The audio editing module further comprises an auxiliary data editing unit which adds, deletes or replaces or any combination of the three modes to the auxiliary data set to obtain a new auxiliary data set.

As a specific embodiment, the output of the audio encoding module is input to the audio input module.

As a specific example, the input PCM signal may be partly or wholly from a recording device input or a local storage or a network input or any combination of the three inputs.

As a specific embodiment, the number of channels of the audio signal input by the audio input module includes mono, stereo, 4.0 channels, 5.1 channels, 7.1 channels, 9.1 channels, 11.1 channels, 13.1 channels, 22.2 channels, and any combination of the above channel types.

As a specific example, the auxiliary data may be a down-mix scheme of the audio track, spatial location information, spatial trajectory information, reverberation parameters, equalizer parameters, etc.

As a specific example, the auxiliary data may be applied to all or part of the tracks of the set of tracks.

As a specific embodiment, the auxiliary data adding module adds auxiliary data or not, without affecting the implementation of the disclosure.

The foregoing is an exemplary embodiment of the disclosure, the scope of which is defined by the claims and their equivalents.

Claims

1. A method of processing a detachable and re-editable audio signal, comprising:

inputting m1 PCM signals, wherein m1 is greater than 0, and m1 PCM signals are track set C1C1＝{C _1i },0≤i≤m1-1；

encoding the track set C1 'and the auxiliary data set E1' to obtain a compressed sound signal S _q '；

The PCM signal which is stored locally or input by the network is obtained by decoding the compressed audio signal;

the auxiliary data is obtained by decoding the compressed audio signal.

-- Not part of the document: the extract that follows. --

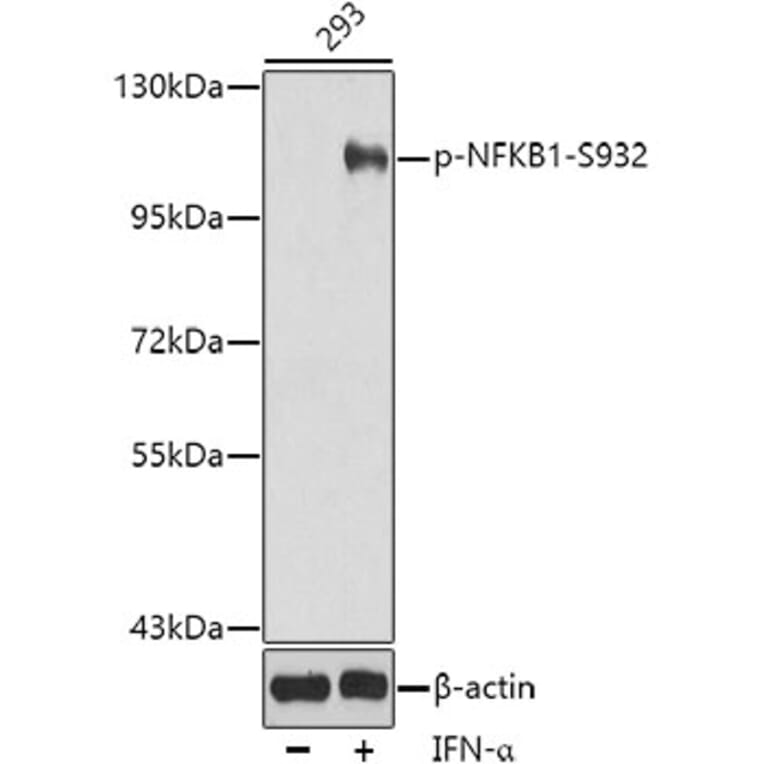 Western Blot - Anti-NFkB p105 / p50 (phospho Ser932) Antibody (A16639) - Antibodies.com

2. The method for processing a detachable and re-editable audio signal as claimed in claim 1, comprising:

3. A method of processing a detachable and re-editable audio signal as claimed in claim 2, comprising:

4. A method of processing a detachable and re-editable audio signal as claimed in any one of claims 1 to 3, wherein part or all of the input PCM signal is derived from recording device input or local storage or network input or any combination of the three inputs.

5. A method of processing a detachable and re-editable audio signal as claimed in any one of claims 1-3, wherein the auxiliary data is a down-mix scheme of the audio track, spatial location information, spatial track information, reverberation parameters, equalizer parameters.

6. A method of processing a detachable and re-editable audio signal as claimed in any one of claims 1 to 3, wherein the auxiliary data is applied to all or part of the tracks of the set of tracks.

7. A method of processing a detachable and re-editable audio signal as claimed in any one of claims 1 to 3, wherein the auxiliary data is fixed or time-dependent.

8. A processing apparatus for detachable and re-editable audio signals, comprising:

the audio coding module is used for coding the audio track set C1 'and the auxiliary data set E1' to obtain a compressed sound signal S _q '；

The device also comprises a decoding module, wherein the decoding module comprises an audio decoding unit, and a PCM signal which is stored locally or input by a network is obtained by decoding a compressed audio signal through the audio decoding unit;

the decoding module further includes an auxiliary data decoding unit by which the auxiliary data is obtained by decoding the compressed audio signal.

9. The apparatus for processing a detachable and re-editable audio signal according to claim 8, wherein the audio input module further comprises an auxiliary data input unit for inputting m2 auxiliary data, m2 being greater than 0, the auxiliary data set e1= { E _1j },0≤j≤m2-1；

10. The apparatus according to claim 9, wherein the audio editing module further comprises an auxiliary data editing unit that adds, deletes or replaces or any combination of the three ways to the auxiliary data set to obtain a new auxiliary data set.

11. A processing apparatus for detachable and re-editable audio signals according to any one of claims 8 to 10, wherein the PCM signal input by the PCM input unit is partly or wholly from a recording device input or a local storage or a network input or any combination of the three inputs.